Page 184 - e-KLIPING KETENAGAKERJAAN 29 APRIL 2020
P. 184
Title PENUNDAAN KLASTER TENAGA KERJA DIANGGAP UNTUK REDAM GERAKAN BURUH
Media Name tempo.co
Pub. Date 28 April 2020
https://nasional.tempo.co/read/1336470/penundaan-klaster-tenaga-kerja- dianggap-
Page/URL
untuk-redam-gerakan-buruh
Media Type Pers Online
Sentiment Negative
Konfederasi Kongres Aliansi Serikat Buruh Indonesia (KASBI) menilai penundaan
klaster ketenagakerjaan harus diwaspadai sebagai upaya meredam sekaligus
memisahkan kaum buruh dari gerakan menolak omnibus law Rancangan Undang-
Undang atau RUU Cipta Kerja.
Ketua Umum Konfederasi KASBI Nining Elitos mengatakan buruh harus jeli dan
cerdas melihat ini.
"Berdasarkan pengalaman hanya angin yang diberikan, dalam praktiknya akan
merugikan masyarakat luas," ujar Nining kepada Tempo, Selasa, 28 April 2020.
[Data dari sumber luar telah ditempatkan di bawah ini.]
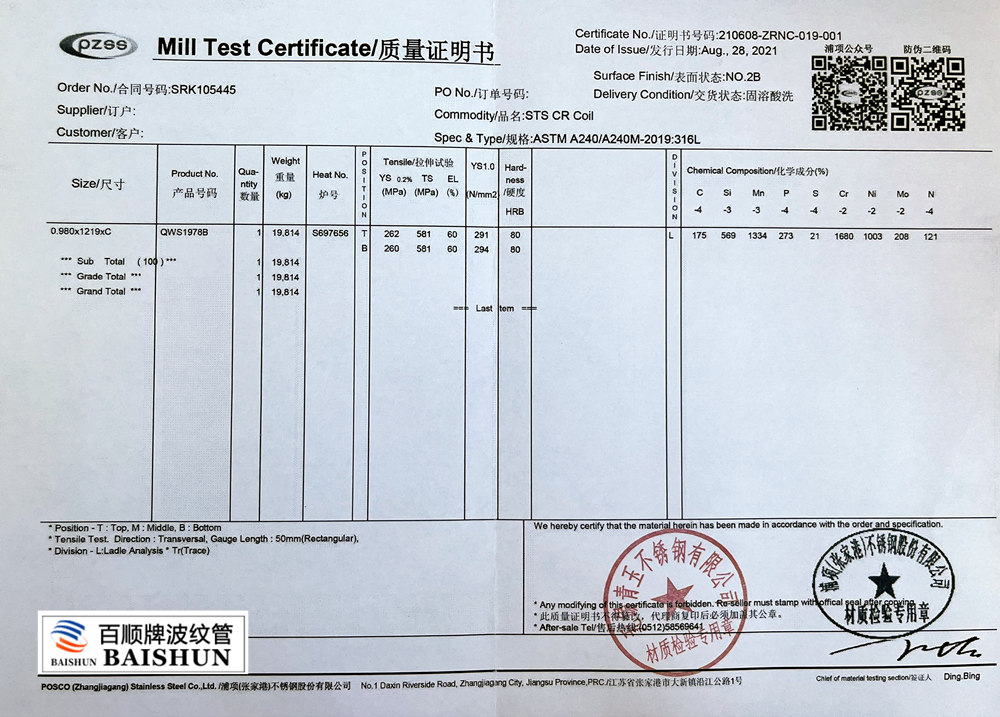 波紋補(bǔ)償器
Nining mengatakan, kaum buruh harus tetap bersama-sama melihat omnibus law
RUU Cipta Kerja sebagai persoalan rakyat secara keseluruhan.
Ia mengingatkan bahwa yang merugikan buruh bukan hanya berasal dari klaster
ketenagakerjaan saja, tetapi sekaligus dari eksploitasi sumber daya alam dan pasar
Indonesia.
"Jangan ada lagi pemisahan antara kaum buruh dan rakyat lainnya, kita sama-sama
akan menjadi korban nanti."
Nining mengatakan ditundanya pembahasan klaster ketenagakerjaan dari RUU Cipta
Kerja itu bukan solusi, melainkan cuma ilusi. Ia menilai tak ada bedanya jika hanya
menunda atau mengeluarkan klaster ketenagakerjaan dari pembahasan.
Klaster-klaster lain dalam RUU Cipta Kerja juga memiliki daya rusak yang sama
dengan klaster ketenagakerjaan.
"Dikeluarkannya klaster ketenagakerjaan bukan sebuah solusi, toh ke depan tetap
akan ada pembahasan dan kita tahu kontennya sangat buruk."
Manajer Kampanye Pangan-Air dan Ekosistem-Esensial Wahana Lingkungan Hidup
Indonesia (Walhi), Wahyu A. Perdana mengungkapkan hal senada. Wahyu
Page 183 of 261.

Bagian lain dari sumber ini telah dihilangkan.